Charli XCX is making a trip to the Sundance Film Festival in January. The pop singer-songwriter appears in three films premiering at the 2026 festival, including a mockumentary that she produced and stars in. Programmers on Wednesday unveiled a lineup of 90 feature films set for the festival’s last hurrah in Park City, Utah.
The slate includes documentaries on basketball great Brittney Griner, Nelson Mandela, Salman Rushdie, Courtney Love and Billie Jean King. There are starry features with the likes of Natalie Portman, Jenna Ortega, Seth Rogen, Channing Tatum, Danielle Brooks, Olivia Colman, Da’Vine Joy Randolph, Alexander Skarsgård and Ethan Hawke. Olivia Wilde directs her first feature since “Don’t Worry Darling,” in “The Invite.” Judd Apatow chronicles comedian Maria Bamford’s mental health journey. And Gregg Araki will be back in Park City with a restoration of his 2004 coming-of-age drama “Mysterious Skin” and a new film as well.
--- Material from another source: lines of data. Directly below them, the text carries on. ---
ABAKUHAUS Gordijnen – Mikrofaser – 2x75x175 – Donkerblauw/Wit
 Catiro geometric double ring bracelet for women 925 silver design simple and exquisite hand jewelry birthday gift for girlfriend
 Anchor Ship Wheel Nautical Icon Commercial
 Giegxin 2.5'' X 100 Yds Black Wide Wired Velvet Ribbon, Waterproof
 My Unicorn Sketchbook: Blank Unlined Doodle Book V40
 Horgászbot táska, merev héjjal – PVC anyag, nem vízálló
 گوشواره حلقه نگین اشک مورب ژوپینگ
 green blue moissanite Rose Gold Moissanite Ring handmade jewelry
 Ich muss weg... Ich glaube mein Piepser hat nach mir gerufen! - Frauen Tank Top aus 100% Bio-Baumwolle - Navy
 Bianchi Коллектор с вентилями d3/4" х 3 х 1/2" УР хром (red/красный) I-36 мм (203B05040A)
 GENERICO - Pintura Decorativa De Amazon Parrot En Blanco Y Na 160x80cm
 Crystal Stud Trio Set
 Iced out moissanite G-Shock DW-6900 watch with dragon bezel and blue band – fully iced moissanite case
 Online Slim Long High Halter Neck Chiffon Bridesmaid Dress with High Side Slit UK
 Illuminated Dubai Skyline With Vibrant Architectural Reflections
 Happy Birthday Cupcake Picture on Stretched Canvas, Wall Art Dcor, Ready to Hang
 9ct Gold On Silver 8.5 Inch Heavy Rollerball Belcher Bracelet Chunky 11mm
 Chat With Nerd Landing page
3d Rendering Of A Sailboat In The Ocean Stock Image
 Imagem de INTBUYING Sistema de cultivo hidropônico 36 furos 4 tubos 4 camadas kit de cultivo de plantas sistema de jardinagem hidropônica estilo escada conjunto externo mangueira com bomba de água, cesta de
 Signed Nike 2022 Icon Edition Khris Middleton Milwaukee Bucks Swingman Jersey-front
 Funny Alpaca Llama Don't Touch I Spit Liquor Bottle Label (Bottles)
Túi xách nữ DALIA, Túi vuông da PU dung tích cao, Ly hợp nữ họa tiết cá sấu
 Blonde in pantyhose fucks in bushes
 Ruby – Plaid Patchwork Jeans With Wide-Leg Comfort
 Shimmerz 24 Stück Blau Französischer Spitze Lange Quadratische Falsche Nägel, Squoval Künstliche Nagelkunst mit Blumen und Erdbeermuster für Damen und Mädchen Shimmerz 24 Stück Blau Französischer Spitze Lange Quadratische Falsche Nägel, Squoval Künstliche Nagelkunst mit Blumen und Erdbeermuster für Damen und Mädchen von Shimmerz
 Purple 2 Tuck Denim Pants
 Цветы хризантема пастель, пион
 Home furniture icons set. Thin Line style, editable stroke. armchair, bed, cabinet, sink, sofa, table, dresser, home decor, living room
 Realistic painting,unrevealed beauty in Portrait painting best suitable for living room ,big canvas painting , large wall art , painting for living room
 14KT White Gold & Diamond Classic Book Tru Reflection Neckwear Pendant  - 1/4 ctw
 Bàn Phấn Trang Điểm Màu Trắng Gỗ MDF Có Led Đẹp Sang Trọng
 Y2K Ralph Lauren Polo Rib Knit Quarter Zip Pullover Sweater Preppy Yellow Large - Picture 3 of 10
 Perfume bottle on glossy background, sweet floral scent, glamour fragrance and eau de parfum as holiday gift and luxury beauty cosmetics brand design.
“It’s a broad, eclectic and bold program,” Sundance public programming director Eugene Hernandez told The Associated Press. He said the lineup for the festival's final year in Park City “really honors that well with this mixture of new, exciting voices paired with some really, really great familiar faces from Sundances past that I think will create a great alchemy for this really unique edition in Utah.”
Ever a festival of discovery, of the 90 features culled from 4,255 submissions, 40% are from first-time directors. The programmers laugh when they hear people say things like “that’s a Sundance movie,” as if it’s one, easily categorizable thing.
“I look at the films in this program and say, ‘You tell me what a Sundance film is’ because they’re so different,” said programmer John Nein.
Three Charli XCX movies
Charli XCX plays a rising pop star prepping for her first arena tour in the mockumentary “The Moment,” which Hernandez said is “like her version of ‘This is Spinal Tap’.” She also appears in Araki’s “I Want Your Sex,” in which Cooper Hoffman plays an intern who gets wrapped up in the world of an artist and provocateur (Wilde). And she’s among the ensemble of “The Gallerist.”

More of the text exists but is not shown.